Knowledge key to Nigeria’s competitiveness, says Utomi

He noted that it was a realisation of this that made the likes of the late sage, Chief Obafemi Awolowo, to empower the then Western Region through the free education policy in the 50s.
Pat-Utomi
Utomi
Utomi
Utomi

Again, founder of Centre for Values in Leadership (CVL|), Prof. Pat Okedinachi Utomi, has stressed the imperativeness of education to the development and competitiveness of any country, adding that we currently live in a knowledge economy.

He noted that it was a realisation of this that made the likes of the late sage, Chief Obafemi Awolowo, to empower the then Western Region through the free education policy in the 50s.

Delivering a lecture titled, “Private Universities: The Best Credible Path To True Intellectual Freedom, Innovation and National Development” at the maiden public lecture of Chrisland University, Owode, Abeokuta on Tuesday, Utomi said: “Nigeria is a populous country. It can either be a source of a time bomb or huge demographic dividends by educating the people well. As in the 50s, so it is even now. We now live in a knowledge economy. Essentially, knowledge is what determines the competitiveness of a country.”

The Professor of Political Economy submitted that advancement in knowledge was important for improving the quality of life of the citizenry and social progress in an atmosphere of freedom.
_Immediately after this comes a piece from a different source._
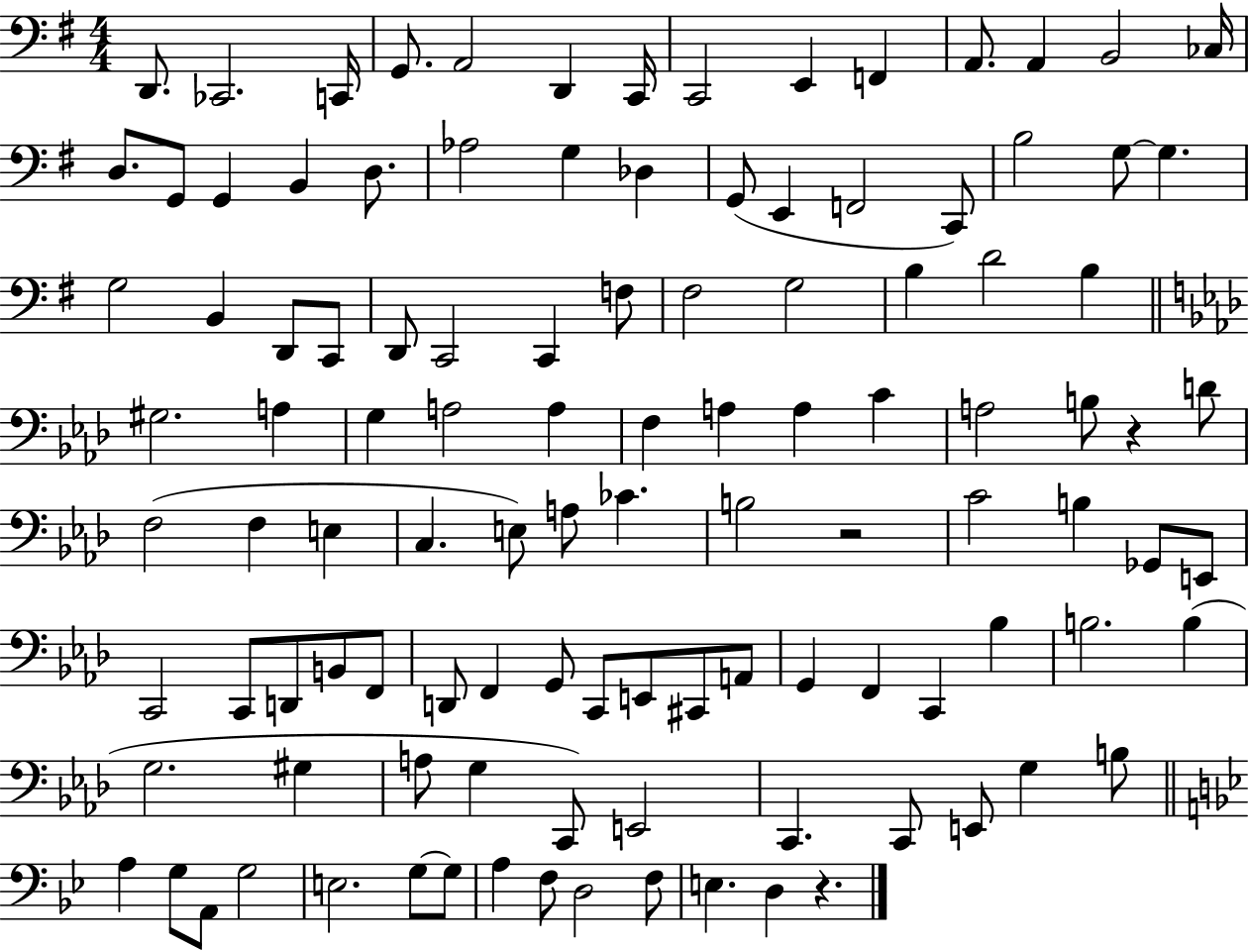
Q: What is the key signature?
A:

“That freedom is necessary, as we have suggested, to prevent the current dominant paradigm from blocking out a potentially better social order,” he added.
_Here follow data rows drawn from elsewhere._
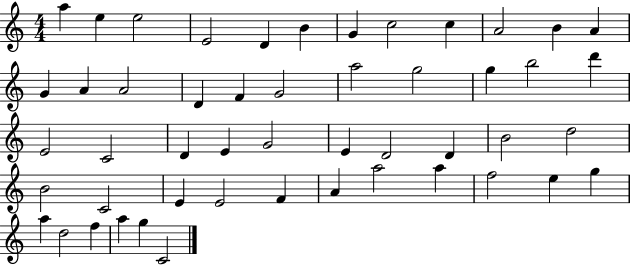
X:1
T:Untitled
M:4/4
L:1/4
K:C
a e e2 E2 D B G c2 c A2 B A G A A2 D F G2 a2 g2 g b2 d' E2 C2 D E G2 E D2 D B2 d2 B2 C2 E E2 F A a2 a f2 e g a d2 f a g C2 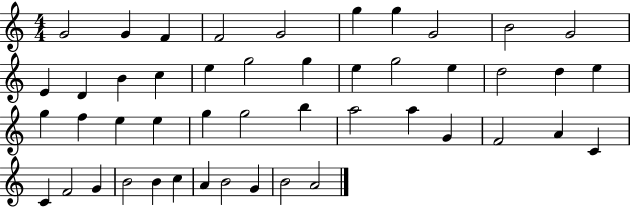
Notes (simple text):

G4/h G4/q F4/q F4/h G4/h G5/q G5/q G4/h B4/h G4/h E4/q D4/q B4/q C5/q E5/q G5/h G5/q E5/q G5/h E5/q D5/h D5/q E5/q G5/q F5/q E5/q E5/q G5/q G5/h B5/q A5/h A5/q G4/q F4/h A4/q C4/q C4/q F4/h G4/q B4/h B4/q C5/q A4/q B4/h G4/q B4/h A4/h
According to him the search for freedom in academics is not only a path of conflict with political order, but also often a battle against the institutions designed to advance knowledge and sometimes against self.

“The seminar work of Reinhardt Bendix, Embattled Reason, is for the most part, a critique of how the dominant paradigm of the Social Sciences Research Council in the United States affected research funding set in the early years following the end of colonial rule.”

Utomi added that just as freedom is limited by the funding traditions in the discipline, the idiosyncrasies of academics could become an impediment to freedom.

Also speaking the institution’s Acting Vice Chancellor, Prof. C.D. Jacob who intimated guests with the vision and mission of the university, said: “We want to be a leading university via relevant research, excellent training and community service especially in Abeokuta.”